Genelde hisse senedi temettü beyan etmek üzere direktörleri harekete geçiren başlıca iki sebep şunlardır:

(1) Hisse senedinin piyasa değerini düşürmenin ve böylece daha geniş bir mülkiyet dağılımını kolaylaştırmanın tavsiye edilebilir olduğunu düşünüyorlar.

(2) Şirketin kazancı olabilir, ancak nakit temettü ödemeyi tavsiye edilemez bulabilir. Hisse senedi temettü beyanı, hisse senedi sahiplerine, şirketin nakit pozisyonuna müdahale etmeden yatırımlarındaki artışı kanıtlar. Hisse sahipleri, şirketteki ek hisse senetlerine parayı tercih ederse, temettü olarak alınan hisse senetlerini satabilirler.

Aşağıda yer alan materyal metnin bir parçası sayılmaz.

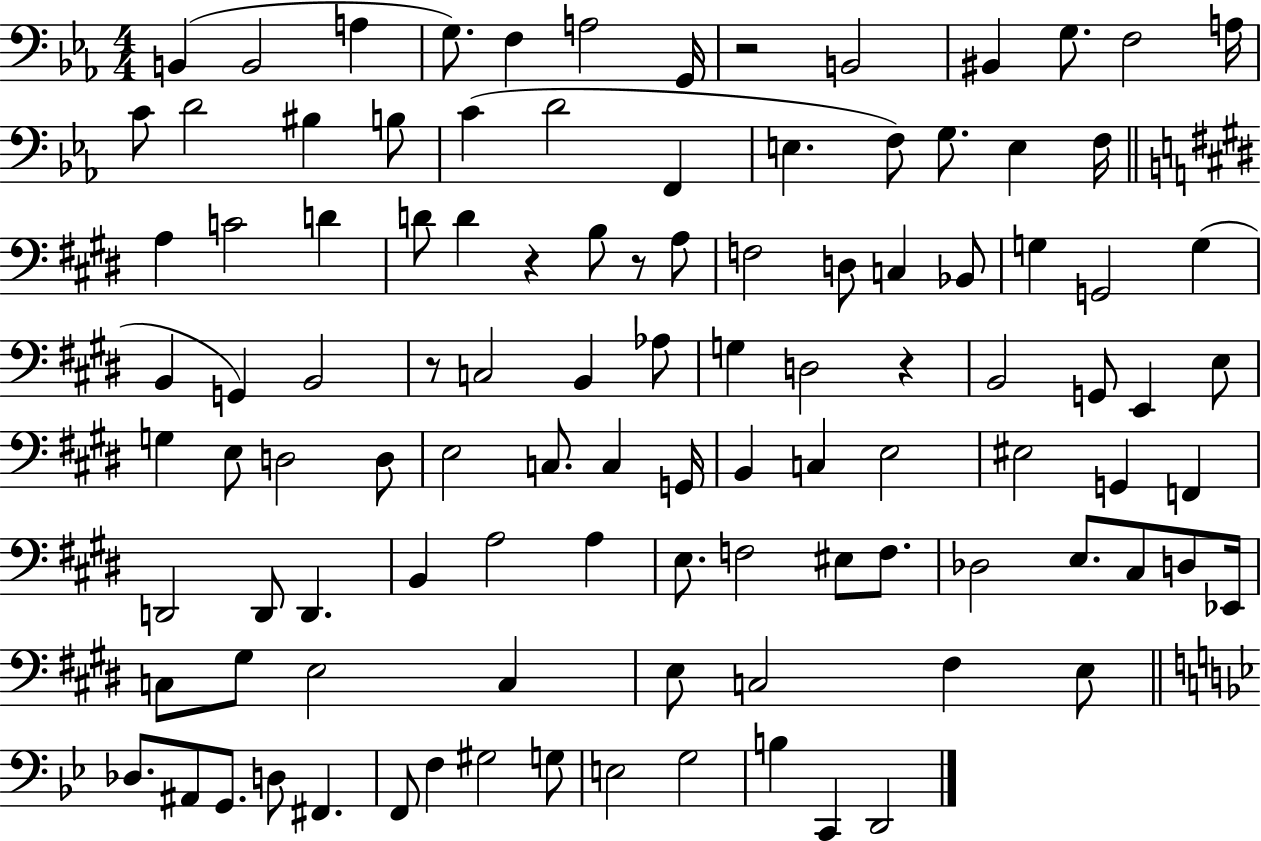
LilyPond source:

{
  \clef bass
  \numericTimeSignature
  \time 4/4
  \key ees \major
  b,4( b,2 a4 | g8.) f4 a2 g,16 | r2 b,2 | bis,4 g8. f2 a16 | \break c'8 d'2 bis4 b8 | c'4( d'2 f,4 | e4. f8) g8. e4 f16 | \bar "||" \break \key e \major a4 c'2 d'4 | d'8 d'4 r4 b8 r8 a8 | f2 d8 c4 bes,8 | g4 g,2 g4( | \break b,4 g,4) b,2 | r8 c2 b,4 aes8 | g4 d2 r4 | b,2 g,8 e,4 e8 | \break g4 e8 d2 d8 | e2 c8. c4 g,16 | b,4 c4 e2 | eis2 g,4 f,4 | \break d,2 d,8 d,4. | b,4 a2 a4 | e8. f2 eis8 f8. | des2 e8. cis8 d8 ees,16 | \break c8 gis8 e2 c4 | e8 c2 fis4 e8 | \bar "||" \break \key g \minor des8. ais,8 g,8. d8 fis,4. | f,8 f4 gis2 g8 | e2 g2 | b4 c,4 d,2 | \break \bar "|."
} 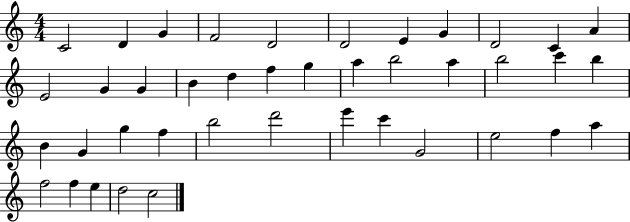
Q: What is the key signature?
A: C major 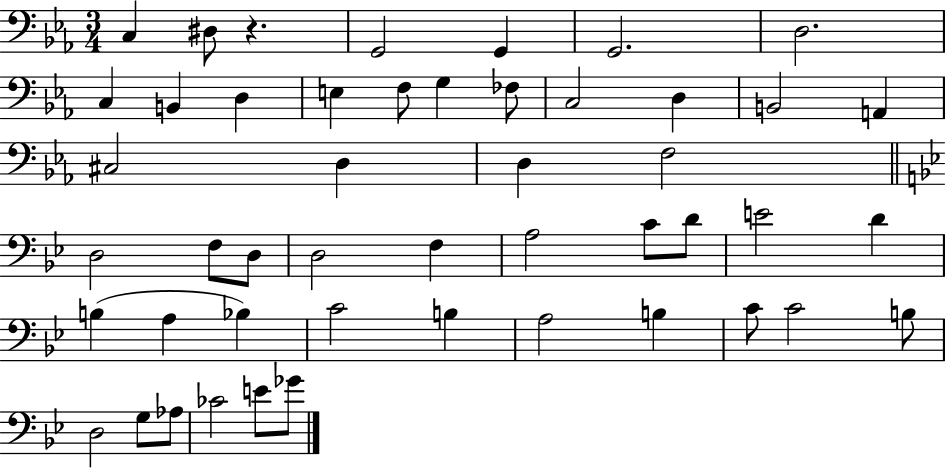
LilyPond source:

{
  \clef bass
  \numericTimeSignature
  \time 3/4
  \key ees \major
  c4 dis8 r4. | g,2 g,4 | g,2. | d2. | \break c4 b,4 d4 | e4 f8 g4 fes8 | c2 d4 | b,2 a,4 | \break cis2 d4 | d4 f2 | \bar "||" \break \key bes \major d2 f8 d8 | d2 f4 | a2 c'8 d'8 | e'2 d'4 | \break b4( a4 bes4) | c'2 b4 | a2 b4 | c'8 c'2 b8 | \break d2 g8 aes8 | ces'2 e'8 ges'8 | \bar "|."
}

Bazen, bir şirket yeni bir hisse senedi satmak üzereyken eski hisse senedi sahiplerinin çıkarlarını korumak için hisse senedi temettüleri beyan edilir (böylece yeni hissedarlar birikmiş fazlası paylaşmazlar).

Stok temettü sınırlamaları:

İkramiye payları, şirketin sermayeleşmesinde bir artışa neden olur ve bu ancak şirketin kazanç kapasitesindeki orantılı bir artışla haklı gösterilebilir. Belirsiz kazancı olan genç şirketlerin veya dalgalı geliri olan şirketlerin dağıtım borsaları ile büyük risk alması muhtemeldir.

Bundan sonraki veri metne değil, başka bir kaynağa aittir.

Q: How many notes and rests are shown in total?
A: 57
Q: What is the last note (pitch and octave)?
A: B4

Her hisse senedi temettü, rezervlerin sürekli kapitalizasyonu nedeniyle gelecekteki nakit temettülerinin sabit bir seviyede tutulacağına dair zımni bir taahhütte bulunmaktadır. Kurumsal yönetim bu umudu eğlendirmek için makul nedenlere sahip değilse, büyük stok temettü bilgeliği her zaman ciddi şüphe ile karşı karşıya kalır.

Birikmiş kazancı veya rezervleri dağıtmak için yasal yaptırımın varlığı, hisse senedi temettülerini sağlam finansal uygulama bakış açısıyla değerlendirmez. Hisse senedi temettü sorunu için de başka şartlandırma faktörleri olmalıdır.

(a) İkramiye payları, kazancın kaynaklandığı şirketlerde dağıtılamayan karların aktifleştirilmesini sağlar ve bu, kurumsal girişimin doğrusal bir şekilde gelişmesine ve daha fazla ekonomik güç yoğunlaşmasına yol açar.

(b) Hisse senedi temettü ihracı yaparak şirketler, aksi takdirde daha yaygın şekilde dağılmış yatırımlara akacak olan “ikincil” fonların sermaye piyasasını mahrum eder.

(c) Bonus hisseleri, şirketlerin kendi kullanımlarına uygun olmalarını sağlar; aksi halde emek payında bir artışa ya da tüketici için fiyatların düşmesine yol açacak olan dağıtılmamış karlar.